= Henri Burin des Roziers =

Henri Burin des Roziers, O.P. (February 18, 1930 – November 26, 2017), was a French Dominican Order priest and lawyer, who spent forty years working with and defending Brazilian peasants forced into labor or harassed by wealthy landowners. Landowners repeatedly threatened his life in an attempt to stop this work. In Brazil, he was known as "counsel for the landless".

==Early life and work==

Born February 18, 1930, to an upper-middle-class family, Burin des Roziers obtained degrees in literature from the Sorbonne, comparative law from the University of Cambridge, and in 1957 a doctor of law at the Faculty of Law of Paris.

While at Cambridge Burin des Roziers met the Dominican Yves Congar, who had a profound influence on him.

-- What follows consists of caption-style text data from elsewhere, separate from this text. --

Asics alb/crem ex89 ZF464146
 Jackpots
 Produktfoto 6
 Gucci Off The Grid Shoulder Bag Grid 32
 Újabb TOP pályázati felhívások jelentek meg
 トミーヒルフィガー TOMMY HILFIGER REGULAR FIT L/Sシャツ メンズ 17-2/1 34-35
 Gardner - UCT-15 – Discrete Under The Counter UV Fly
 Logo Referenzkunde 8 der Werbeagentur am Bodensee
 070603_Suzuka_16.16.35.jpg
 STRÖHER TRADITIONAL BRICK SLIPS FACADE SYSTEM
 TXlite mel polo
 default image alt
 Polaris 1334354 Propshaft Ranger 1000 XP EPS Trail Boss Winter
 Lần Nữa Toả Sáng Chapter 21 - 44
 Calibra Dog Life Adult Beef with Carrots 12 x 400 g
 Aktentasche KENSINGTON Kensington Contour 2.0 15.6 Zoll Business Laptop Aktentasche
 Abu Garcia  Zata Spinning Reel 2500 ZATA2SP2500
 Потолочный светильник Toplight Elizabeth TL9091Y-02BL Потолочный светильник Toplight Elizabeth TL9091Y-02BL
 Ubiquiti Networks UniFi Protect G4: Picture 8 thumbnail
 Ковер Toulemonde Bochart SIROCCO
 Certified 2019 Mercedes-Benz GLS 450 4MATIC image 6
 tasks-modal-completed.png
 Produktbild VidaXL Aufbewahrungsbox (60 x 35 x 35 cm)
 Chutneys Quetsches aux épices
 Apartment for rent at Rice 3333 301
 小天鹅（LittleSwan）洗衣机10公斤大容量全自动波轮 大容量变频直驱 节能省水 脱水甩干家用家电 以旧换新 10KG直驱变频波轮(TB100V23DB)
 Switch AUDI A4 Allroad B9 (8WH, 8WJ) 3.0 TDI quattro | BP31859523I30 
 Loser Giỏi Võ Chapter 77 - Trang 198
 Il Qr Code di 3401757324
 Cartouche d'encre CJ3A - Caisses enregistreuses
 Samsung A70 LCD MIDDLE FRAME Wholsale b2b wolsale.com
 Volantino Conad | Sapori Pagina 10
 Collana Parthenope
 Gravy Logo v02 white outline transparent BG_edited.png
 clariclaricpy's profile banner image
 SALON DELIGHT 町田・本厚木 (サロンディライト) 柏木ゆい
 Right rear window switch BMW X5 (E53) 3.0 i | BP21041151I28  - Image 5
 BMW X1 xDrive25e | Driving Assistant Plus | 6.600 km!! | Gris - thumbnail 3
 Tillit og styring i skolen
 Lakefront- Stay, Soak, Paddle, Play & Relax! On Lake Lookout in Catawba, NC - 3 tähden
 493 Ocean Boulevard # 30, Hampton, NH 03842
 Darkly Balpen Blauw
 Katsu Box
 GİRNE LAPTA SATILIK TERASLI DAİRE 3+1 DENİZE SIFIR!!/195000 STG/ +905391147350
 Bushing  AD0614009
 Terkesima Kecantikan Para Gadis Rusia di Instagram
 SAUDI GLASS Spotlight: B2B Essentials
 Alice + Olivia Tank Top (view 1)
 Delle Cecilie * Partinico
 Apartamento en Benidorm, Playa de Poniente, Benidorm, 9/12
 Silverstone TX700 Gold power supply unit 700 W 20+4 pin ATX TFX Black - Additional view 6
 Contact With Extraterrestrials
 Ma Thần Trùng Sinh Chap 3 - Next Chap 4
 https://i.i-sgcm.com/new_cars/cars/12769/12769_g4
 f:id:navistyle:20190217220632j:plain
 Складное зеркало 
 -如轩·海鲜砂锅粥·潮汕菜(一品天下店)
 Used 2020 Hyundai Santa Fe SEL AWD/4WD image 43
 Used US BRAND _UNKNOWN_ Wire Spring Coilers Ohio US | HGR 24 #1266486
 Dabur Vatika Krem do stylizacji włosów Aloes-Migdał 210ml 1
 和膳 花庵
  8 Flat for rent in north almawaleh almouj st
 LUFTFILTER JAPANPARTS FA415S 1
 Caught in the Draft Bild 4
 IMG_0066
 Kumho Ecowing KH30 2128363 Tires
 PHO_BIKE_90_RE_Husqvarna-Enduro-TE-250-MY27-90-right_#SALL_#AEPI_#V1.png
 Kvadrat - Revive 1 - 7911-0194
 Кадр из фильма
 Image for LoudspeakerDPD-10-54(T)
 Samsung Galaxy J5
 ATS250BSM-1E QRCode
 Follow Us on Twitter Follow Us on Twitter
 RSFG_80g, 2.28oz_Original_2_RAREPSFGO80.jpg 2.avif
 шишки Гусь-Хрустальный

Burin des Roziers entered the Dominican order in 1958 and after ordination as a Dominican priest 1963, he worked as a chaplain with law and economics students in Paris. Burin des Roziers became close to and worked with the Dominican and worker-priest Jean Raguenès. In 1970 he began work as a social worker in Annecy (Hautes-Savoie), working particularly with Tunisian immigrants.

==Work in Brazil==

In 1978, Burin des Roziers left for Brazil, where he became a lawyer for the landless people who lived at the edge of the Amazon rainforest.

Burin des Roziers was instrumental in helping more than 50,000 people who worked in forced labor for wealthy landowners who controlled the majority of rural lands. In 2000, as a lawyer for the Pastoral Commission of the Earth in the State of Pará, Burin des Roziers received death threats from a fazendeiro, one of the wealthy hacienda owners (latifundists), who was also responsible for the assassination of a union leader.

In 2005, after the assassination of the American missionary Dorothy Stang, Burin des Roziers was again threatened with death, as were many trade unionists and religious advocates who worked with the poor. A contract was placed against him by the fazendeiros, for 50,000 reals or 20,000 euros.

==Honors==

As a result of his works, Burin des Roziers received the Legion of Honor in 1994, and the Ludovic-Trarieux international human rights prize in 2005.

==Death==

Burin des Roziers reluctantly left Brazil in 2014 after suffering three strokes and died from natural causes in Paris on November 26, 2017, at the convent of Paris Saint-Jacques.